Bootstrapped and tested on x86_64-unknown-linux-gnu. I've run
the testsuite with --param vect-partial-vector-usage=2 with and
without -fno-vect-cost-model and filed two bugs, one ICE (PR110221)
and one latent wrong-code (PR110237).
* tree-vectorizer.h (enum vect_partial_vector_style): New.
(_loop_vec_info::partial_vector_style): Likewise.
(LOOP_VINFO_PARTIAL_VECTORS_STYLE): Likewise.
(rgroup_controls::compare_type): Add.
(vec_loop_masks): Change from a typedef to auto_vec<>
to a structure.
* tree-vect-loop-manip.cc (vect_set_loop_condition_partial_vectors):
Adjust.
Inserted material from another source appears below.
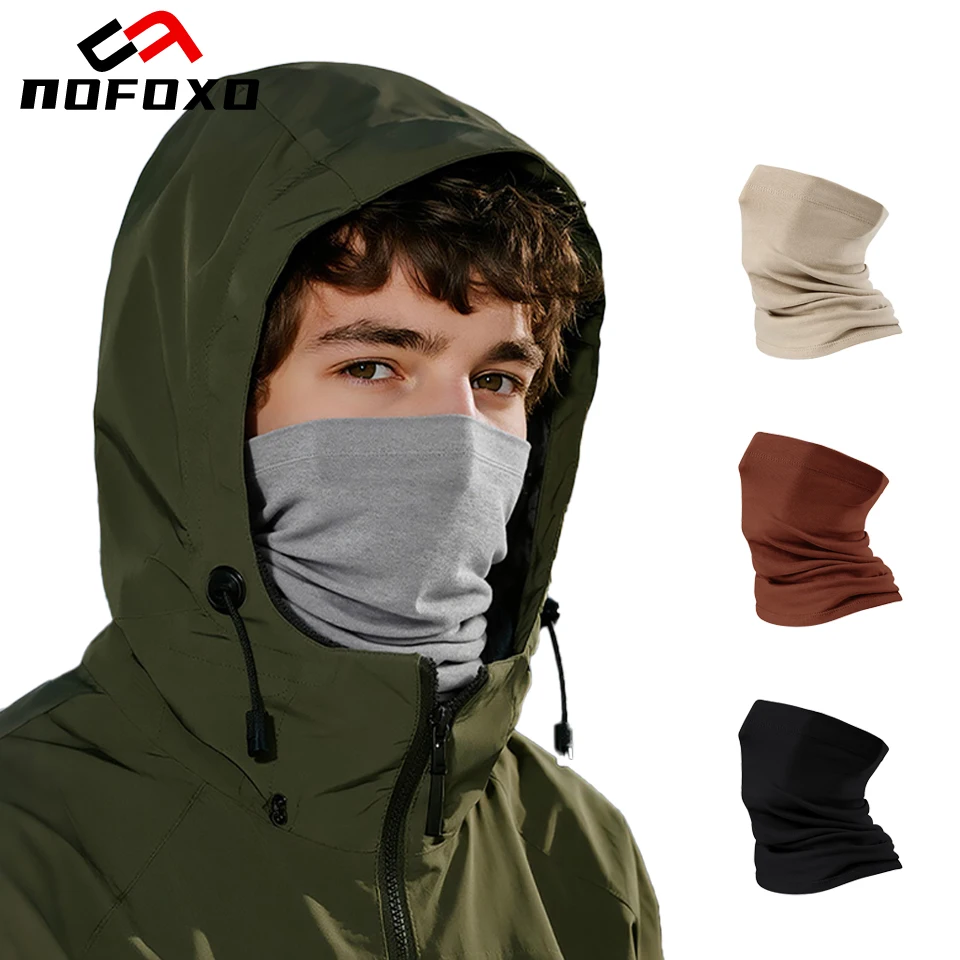 NOFOXO-mascarilla térmica de invierno para bicicleta, bufanda para Snowboard, cubierta para el cuello, pasamontañas, máscara de esquí a prueba de viento para hombres y mujeres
Convert niters_skip to compare_type.
(vect_set_loop_condition_partial_vectors_avx512): New function
implementing the AVX512 partial vector codegen.
(vect_set_loop_condition): Dispatch to the correct
vect_set_loop_condition_partial_vectors_* function based on
LOOP_VINFO_PARTIAL_VECTORS_STYLE.
(vect_prepare_for_masked_peels): Compute LOOP_VINFO_MASK_SKIP_NITERS
in the original niter type.
* tree-vect-loop.cc (_loop_vec_info::_loop_vec_info): Initialize
partial_vector_style.
(can_produce_all_loop_masks_p): Adjust.
(vect_verify_full_masking): Produce the rgroup_controls vector
here. Set LOOP_VINFO_PARTIAL_VECTORS_STYLE on success.
(vect_verify_full_masking_avx512): New function implementing
verification of AVX512 style masking.
(vect_verify_loop_lens): Set LOOP_VINFO_PARTIAL_VECTORS_STYLE.
(vect_analyze_loop_2): Also try AVX512 style masking.
Adjust condition.
(vect_estimate_min_profitable_iters): Implement AVX512 style
mask producing cost.
(vect_record_loop_mask): Do not build the rgroup_controls
vector here but record masks in a hash-set.
(vect_get_loop_mask): Implement AVX512 style mask query,
complementing the existing while_ult style.